[[ Data for this exercise open ]]

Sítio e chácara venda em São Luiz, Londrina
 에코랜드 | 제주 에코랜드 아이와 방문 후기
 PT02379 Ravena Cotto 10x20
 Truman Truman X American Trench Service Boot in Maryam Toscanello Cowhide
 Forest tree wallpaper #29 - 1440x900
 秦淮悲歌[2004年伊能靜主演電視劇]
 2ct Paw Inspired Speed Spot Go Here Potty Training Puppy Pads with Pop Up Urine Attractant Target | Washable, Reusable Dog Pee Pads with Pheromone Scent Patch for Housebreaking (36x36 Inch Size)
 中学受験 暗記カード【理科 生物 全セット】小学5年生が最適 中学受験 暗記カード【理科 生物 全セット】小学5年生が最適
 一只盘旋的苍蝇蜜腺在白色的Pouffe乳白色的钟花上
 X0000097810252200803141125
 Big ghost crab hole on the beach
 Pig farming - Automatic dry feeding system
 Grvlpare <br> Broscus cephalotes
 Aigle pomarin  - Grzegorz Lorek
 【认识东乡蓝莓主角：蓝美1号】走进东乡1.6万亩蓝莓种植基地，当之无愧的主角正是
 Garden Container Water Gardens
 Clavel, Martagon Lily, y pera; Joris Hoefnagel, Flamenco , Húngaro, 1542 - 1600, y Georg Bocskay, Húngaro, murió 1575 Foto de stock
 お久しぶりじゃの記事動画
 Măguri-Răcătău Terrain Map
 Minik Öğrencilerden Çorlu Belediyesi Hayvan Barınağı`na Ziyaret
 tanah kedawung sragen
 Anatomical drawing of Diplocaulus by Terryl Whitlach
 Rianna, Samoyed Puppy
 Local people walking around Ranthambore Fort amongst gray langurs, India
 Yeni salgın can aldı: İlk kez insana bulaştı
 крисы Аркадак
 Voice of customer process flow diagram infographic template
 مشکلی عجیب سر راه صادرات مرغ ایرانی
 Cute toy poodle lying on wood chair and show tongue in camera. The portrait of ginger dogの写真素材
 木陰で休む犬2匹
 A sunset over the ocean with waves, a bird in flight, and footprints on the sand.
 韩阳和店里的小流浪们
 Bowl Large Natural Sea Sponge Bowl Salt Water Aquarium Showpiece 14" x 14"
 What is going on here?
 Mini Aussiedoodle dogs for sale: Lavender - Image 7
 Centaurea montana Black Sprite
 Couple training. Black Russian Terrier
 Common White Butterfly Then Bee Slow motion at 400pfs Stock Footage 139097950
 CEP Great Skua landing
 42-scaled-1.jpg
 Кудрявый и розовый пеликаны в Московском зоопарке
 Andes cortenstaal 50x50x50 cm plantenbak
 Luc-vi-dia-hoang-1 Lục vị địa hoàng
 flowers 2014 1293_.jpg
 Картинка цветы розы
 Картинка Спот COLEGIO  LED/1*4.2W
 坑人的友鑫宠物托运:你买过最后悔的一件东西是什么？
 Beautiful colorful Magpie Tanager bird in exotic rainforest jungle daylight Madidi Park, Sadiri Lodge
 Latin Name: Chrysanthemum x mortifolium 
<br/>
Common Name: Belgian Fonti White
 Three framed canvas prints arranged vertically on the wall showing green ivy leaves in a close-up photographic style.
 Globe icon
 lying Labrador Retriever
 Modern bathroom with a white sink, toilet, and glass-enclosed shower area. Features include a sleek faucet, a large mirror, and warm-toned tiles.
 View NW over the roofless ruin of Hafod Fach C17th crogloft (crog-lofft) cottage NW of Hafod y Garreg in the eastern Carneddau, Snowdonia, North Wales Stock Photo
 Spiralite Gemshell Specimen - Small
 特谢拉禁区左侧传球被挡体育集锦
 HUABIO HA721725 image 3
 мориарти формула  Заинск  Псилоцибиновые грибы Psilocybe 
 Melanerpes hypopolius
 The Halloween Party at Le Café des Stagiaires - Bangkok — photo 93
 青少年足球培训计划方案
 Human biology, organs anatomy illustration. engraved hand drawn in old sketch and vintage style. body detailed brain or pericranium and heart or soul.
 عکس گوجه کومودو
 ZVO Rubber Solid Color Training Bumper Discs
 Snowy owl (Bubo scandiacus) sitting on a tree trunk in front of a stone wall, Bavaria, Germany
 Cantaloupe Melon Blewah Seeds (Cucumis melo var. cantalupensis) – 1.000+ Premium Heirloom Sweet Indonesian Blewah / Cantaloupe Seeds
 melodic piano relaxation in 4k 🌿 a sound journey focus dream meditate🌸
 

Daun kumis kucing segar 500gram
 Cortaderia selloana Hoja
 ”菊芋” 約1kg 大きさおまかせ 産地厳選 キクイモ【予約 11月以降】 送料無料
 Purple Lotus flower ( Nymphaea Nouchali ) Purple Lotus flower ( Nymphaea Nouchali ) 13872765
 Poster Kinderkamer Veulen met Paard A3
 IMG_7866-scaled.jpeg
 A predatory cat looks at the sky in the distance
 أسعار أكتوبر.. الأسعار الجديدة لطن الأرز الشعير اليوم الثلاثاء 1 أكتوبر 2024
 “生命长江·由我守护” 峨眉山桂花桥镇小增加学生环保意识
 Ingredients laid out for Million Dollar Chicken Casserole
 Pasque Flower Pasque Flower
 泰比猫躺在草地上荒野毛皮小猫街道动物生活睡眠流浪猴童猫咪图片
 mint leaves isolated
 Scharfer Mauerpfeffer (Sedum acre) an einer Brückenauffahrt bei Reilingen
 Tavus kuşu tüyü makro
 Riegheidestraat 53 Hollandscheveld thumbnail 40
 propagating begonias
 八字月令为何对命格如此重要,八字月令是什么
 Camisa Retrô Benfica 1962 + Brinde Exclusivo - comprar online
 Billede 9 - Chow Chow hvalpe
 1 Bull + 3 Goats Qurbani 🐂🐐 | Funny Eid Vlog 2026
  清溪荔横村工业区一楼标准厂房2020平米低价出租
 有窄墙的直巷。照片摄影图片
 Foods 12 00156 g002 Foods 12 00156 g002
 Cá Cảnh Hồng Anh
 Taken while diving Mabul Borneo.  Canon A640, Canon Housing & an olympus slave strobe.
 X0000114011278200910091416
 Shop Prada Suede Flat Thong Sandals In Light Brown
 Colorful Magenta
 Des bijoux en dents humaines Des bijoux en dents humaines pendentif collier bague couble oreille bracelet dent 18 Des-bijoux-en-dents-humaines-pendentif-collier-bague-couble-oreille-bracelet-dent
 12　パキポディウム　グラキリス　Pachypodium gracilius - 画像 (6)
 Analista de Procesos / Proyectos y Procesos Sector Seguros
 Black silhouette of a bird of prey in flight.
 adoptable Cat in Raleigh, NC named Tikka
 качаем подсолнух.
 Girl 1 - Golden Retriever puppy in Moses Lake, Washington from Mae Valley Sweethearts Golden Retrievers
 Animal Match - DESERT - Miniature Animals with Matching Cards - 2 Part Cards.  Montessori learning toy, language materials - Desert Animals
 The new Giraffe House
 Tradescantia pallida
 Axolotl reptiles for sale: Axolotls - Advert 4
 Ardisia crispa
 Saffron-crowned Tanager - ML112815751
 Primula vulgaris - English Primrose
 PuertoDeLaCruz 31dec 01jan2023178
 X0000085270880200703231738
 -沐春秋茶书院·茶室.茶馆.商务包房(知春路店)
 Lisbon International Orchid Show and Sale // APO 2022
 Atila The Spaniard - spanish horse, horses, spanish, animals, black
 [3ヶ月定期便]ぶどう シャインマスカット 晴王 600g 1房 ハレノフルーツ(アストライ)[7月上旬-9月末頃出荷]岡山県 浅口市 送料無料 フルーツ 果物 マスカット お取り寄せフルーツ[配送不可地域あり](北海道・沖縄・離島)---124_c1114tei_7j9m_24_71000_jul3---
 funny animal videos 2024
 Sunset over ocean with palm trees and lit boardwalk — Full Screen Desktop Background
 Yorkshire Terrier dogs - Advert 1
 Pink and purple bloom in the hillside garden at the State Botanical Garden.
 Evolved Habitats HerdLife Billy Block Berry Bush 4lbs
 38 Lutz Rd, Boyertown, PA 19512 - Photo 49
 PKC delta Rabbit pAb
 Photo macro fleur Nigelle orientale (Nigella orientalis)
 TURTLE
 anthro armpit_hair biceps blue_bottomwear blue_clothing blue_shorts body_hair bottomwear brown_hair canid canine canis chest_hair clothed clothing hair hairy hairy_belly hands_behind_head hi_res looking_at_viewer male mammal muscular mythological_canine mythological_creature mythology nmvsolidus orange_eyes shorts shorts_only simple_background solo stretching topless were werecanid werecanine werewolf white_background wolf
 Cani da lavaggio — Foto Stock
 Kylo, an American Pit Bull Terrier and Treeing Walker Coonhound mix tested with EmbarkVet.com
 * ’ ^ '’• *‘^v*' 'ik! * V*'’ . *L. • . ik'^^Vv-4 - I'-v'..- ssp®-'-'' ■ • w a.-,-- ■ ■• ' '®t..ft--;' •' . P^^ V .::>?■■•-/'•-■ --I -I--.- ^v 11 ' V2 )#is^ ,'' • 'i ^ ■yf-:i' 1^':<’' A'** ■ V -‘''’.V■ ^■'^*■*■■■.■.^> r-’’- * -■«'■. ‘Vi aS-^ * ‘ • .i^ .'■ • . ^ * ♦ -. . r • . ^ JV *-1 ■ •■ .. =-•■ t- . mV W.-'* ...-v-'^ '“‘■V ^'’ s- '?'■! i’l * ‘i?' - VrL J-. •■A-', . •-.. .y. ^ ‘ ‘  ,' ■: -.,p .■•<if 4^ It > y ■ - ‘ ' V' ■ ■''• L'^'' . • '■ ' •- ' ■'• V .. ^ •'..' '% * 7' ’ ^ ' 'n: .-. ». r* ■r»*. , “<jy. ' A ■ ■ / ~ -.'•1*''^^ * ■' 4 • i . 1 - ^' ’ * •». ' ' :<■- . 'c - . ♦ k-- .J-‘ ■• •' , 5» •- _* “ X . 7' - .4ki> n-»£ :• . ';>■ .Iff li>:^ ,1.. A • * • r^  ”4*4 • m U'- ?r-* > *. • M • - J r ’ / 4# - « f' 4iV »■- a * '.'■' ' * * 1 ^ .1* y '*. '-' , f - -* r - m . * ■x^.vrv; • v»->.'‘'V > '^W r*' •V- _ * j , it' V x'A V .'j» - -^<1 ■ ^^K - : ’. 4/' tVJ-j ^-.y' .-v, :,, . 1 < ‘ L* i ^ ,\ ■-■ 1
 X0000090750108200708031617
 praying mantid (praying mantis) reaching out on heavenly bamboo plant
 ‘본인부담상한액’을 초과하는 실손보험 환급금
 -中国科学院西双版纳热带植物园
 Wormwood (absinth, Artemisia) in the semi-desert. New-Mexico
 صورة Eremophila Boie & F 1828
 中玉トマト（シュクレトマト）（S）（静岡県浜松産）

[[ Data for this exercise closed ]]

Number of lines with the string "over" in the data above: report this figure and nothing more.

» **Result of this task**: 3